Vision transformers have demonstrated remarkable success in a wide range of computer vision tasks over the last years. However, their high computational costs remain a significant barrier to their practical deployment. In particular, the complexity of transformer models is quadratic with respect to the number of input tokens. Therefore techniques that reduce the number of input tokens that need to be processed have been proposed. This paper introduces Learned Thresholds token Merging and Pruning (LTMP), a novel approach that leverages the strengths of both token merging and token pruning. LTMP uses learned threshold masking modules that dynamically determine which tokens to merge and which to prune. We demonstrate our approach with extensive experiments on vision transformers on the ImageNet classification task. Our results demonstrate that LTMP achieves state-of-the-art accuracy across reduction rates while requiring only a single fine-tuning epoch, which is an order of magnitude faster than previous methods.
+ | = |
---|
An overview of our framework is shown below. Given any vision transformer, our approach adds merging (LTM) and pruning (LTP) components with learned threshold masking modules in each transformer block between the Multi-head Self-Attention (MSA) and MLP components. Based on the attention in the MSA, importance scores for each token and similarity scores between tokens are computed. Learned threshold masking modules then learn the thresholds that decide which tokens to prune and which ones to merge.
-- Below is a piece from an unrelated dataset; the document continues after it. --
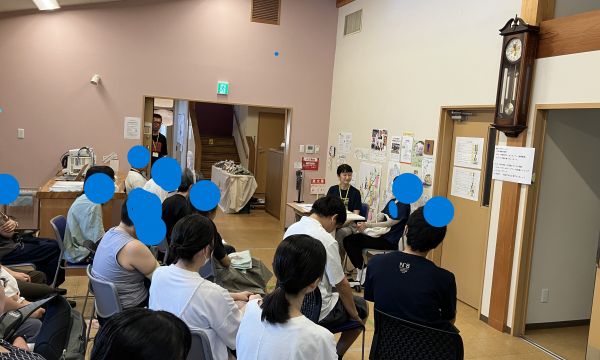 ８月２２日パステル公開講座実施しました！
In each transformer block an importance score is calculated for every token $\mathbf{x}_i, i \in {1,…,n}$, where $n = h w$ is the number of tokens^{1}. A threshold $\theta^l \in \mathbb{R}, l \in {1,…,L}$, where $L$ is the number of transformer blocks, determines which tokens to keep and which to prune in each layer; only tokens with an importance score above the threshold are kept.
In order to prune tokens adaptively, we introduce a threshold masking module that, given the importance scores $\mathbf{s}^l \in \mathbb{R}^n$, learns a pruning threshold $\theta^l$ and outputs which tokens to keep. \begin{equation} M(\mathbf{s}^l_i, \theta^l) = \begin{cases} 1, &\text{if }\mathbf{s}^l_i > \theta^l\ 0, &\text{otherwise} \end{cases} \end{equation}
However, in order to make $\theta^l$ learnable during training, the threshold masking module needs to be differentiable. We achieve this by implementing the threshold masking module as a straight-through estimator (Bengio et al., 2013), where we estimate the masking function during backpropagation as \begin{equation} M(\mathbf{s}^l_i, \theta^l) = \sigma(\frac{\mathbf{s}^l_i - \theta^l}{\tau}) \end{equation} where $\sigma(x)$ is the sigmoid function and $\tau$ is the temperature hyperparameter.
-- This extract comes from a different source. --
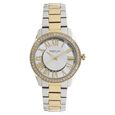 Kenneth Cole Quartz Analog Silver Dial Stainless Steel Strap Watch for Women - image number 0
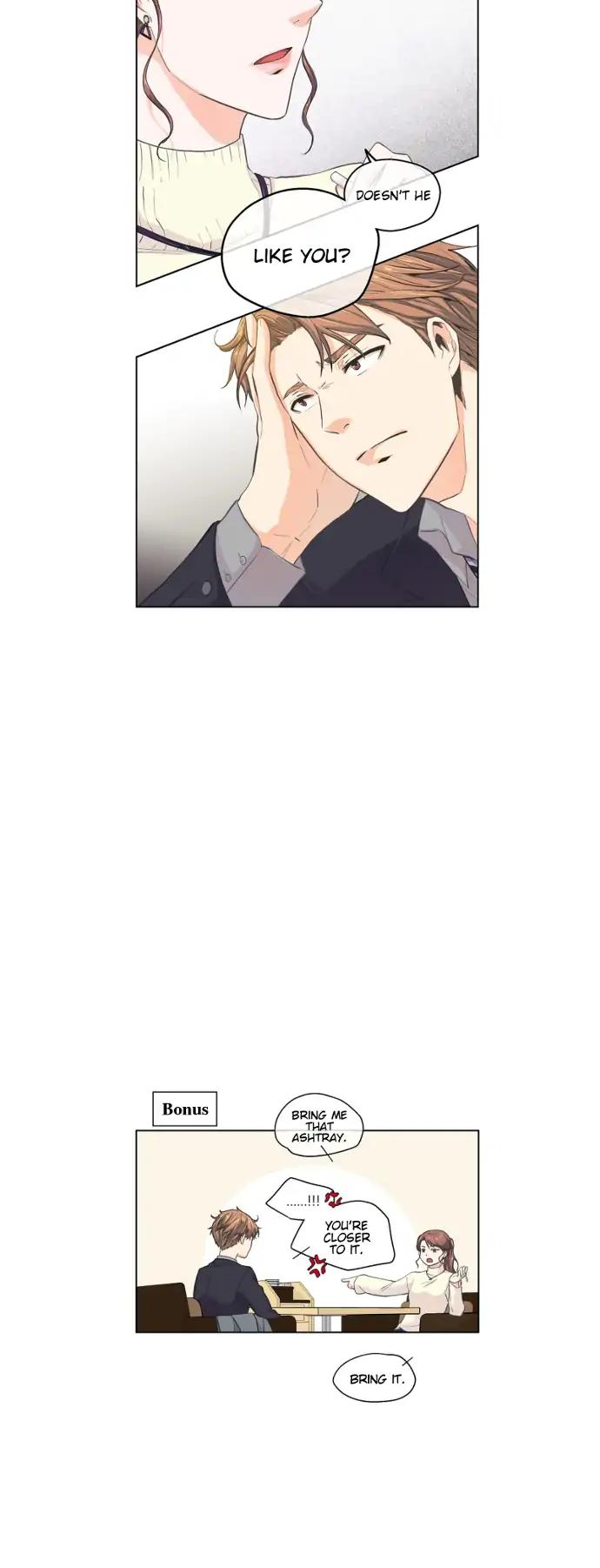 The Strange Story Of A Guy Next Door And A Novelist Chapter 31 page 15 - Chapter 31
During inference we only keep the tokens in the $l$-th block where $M(\mathbf{s}^l_i, \theta^l) = 1$. However, during training, we can not simply drop tokens as that does not allow the model to backpropagate the influence of the threshold on the model performance. We, therefore, create a mask indicating which tokens are kept and which ones are pruned. Every threshold masking module only updates the entries of the mask for the tokens that have not yet been removed prior to that layer, as tokens that are pruned in an earlier layer have to remain pruned. We construct the pruning mask $\mathbf{m}^l \in [0,1]^n$ as follows: \begin{equation} \mathbf{m}^l_i = \begin{cases} M(\mathbf{s}^l_i, \theta^l), &\text{if } \mathbf{m}^{l-1}_i = 1\ \mathbf{m}^{l-1}, &\text{otherwise} \end{cases} \end{equation}
To implement the effect of pruning with a mask during the forward pass, our approach makes changes to the only place where tokens influence each other: the attention mechanism^{2}.
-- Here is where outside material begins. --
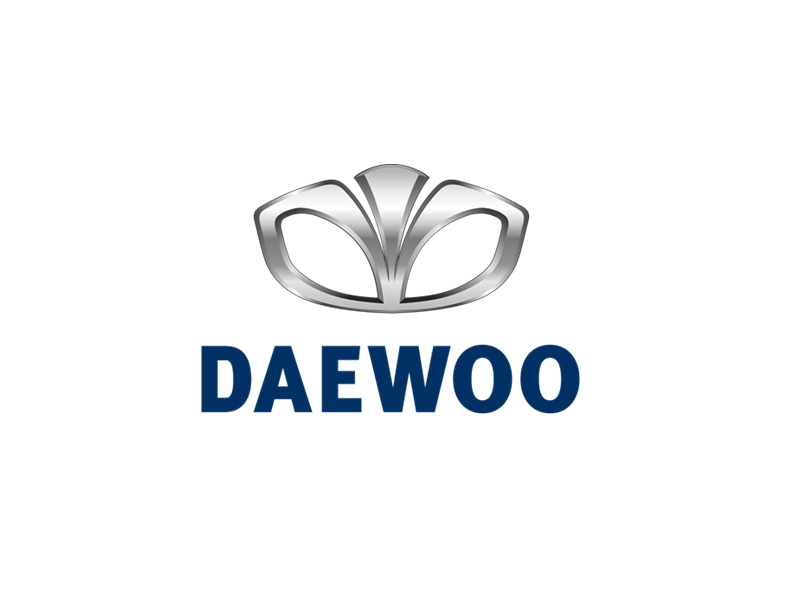 DAEWOO Logo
Recall the original formula for attention (Vaswani et al., 2017): \begin{equation} \operatorname{Attention}(\mathbf{Q}, \mathbf{K}, \mathbf{V}) = \operatorname{softmax}(\frac{\mathbf{QK}^T}{\sqrt{d_k}})\mathbf{V} \end{equation}
In order to avoid that the masked tokens influence the attention mechanism, we propose a modified function: \begin{equation} \operatorname{Attention-with-mask}(\mathbf{Q}, \mathbf{K}, \mathbf{V}, \mathbf{m}) = \mathbf{S}\mathbf{V} \end{equation} where,
\begin{equation} \mathbf{S}_{ij} = \frac{\exp(\mathbf{A}_{ij})\mathbf{m}_{j}}{\sum_{k=1}^N\exp(\mathbf{A}_{ik})\mathbf{m}_{k}}, 1\le i,j,k\le n \end{equation}
and, \begin{equation} \mathbf{A} = \mathbf{Q}\mathbf{K}^T/\sqrt{d_k} \in \mathbb{R}^{n\times n} \end{equation} $\operatorname{Attention-with-mask}$ computes a masked softmax, which is equivalent to a softmax calculated with the pruned tokens removed. $\operatorname{Attention-with-mask}$ is conceptually similar to the masked attention as found in the transformer decoder of language models. However, where the masking in transformer decoders is done by setting masked tokens to $-\infty$, our approach requires the influence of the straight-through estimator mask to propagate to the thresholds during backpropagation.
Token merging (ToMe) (Bolya et al., 2023) is originally a top-$k$ approach, meaning that it merges based on a fixed rate and has no learnable parameters. We modify ToMe to use thresholds instead of top-$k$ by applying the same techniques as introduced in the previous section; this is by adding our learned threshold masking module, in which similarity scores above these thresholds are selected for merging, and by changing the attention function to $\operatorname{Attention-with-mask}$.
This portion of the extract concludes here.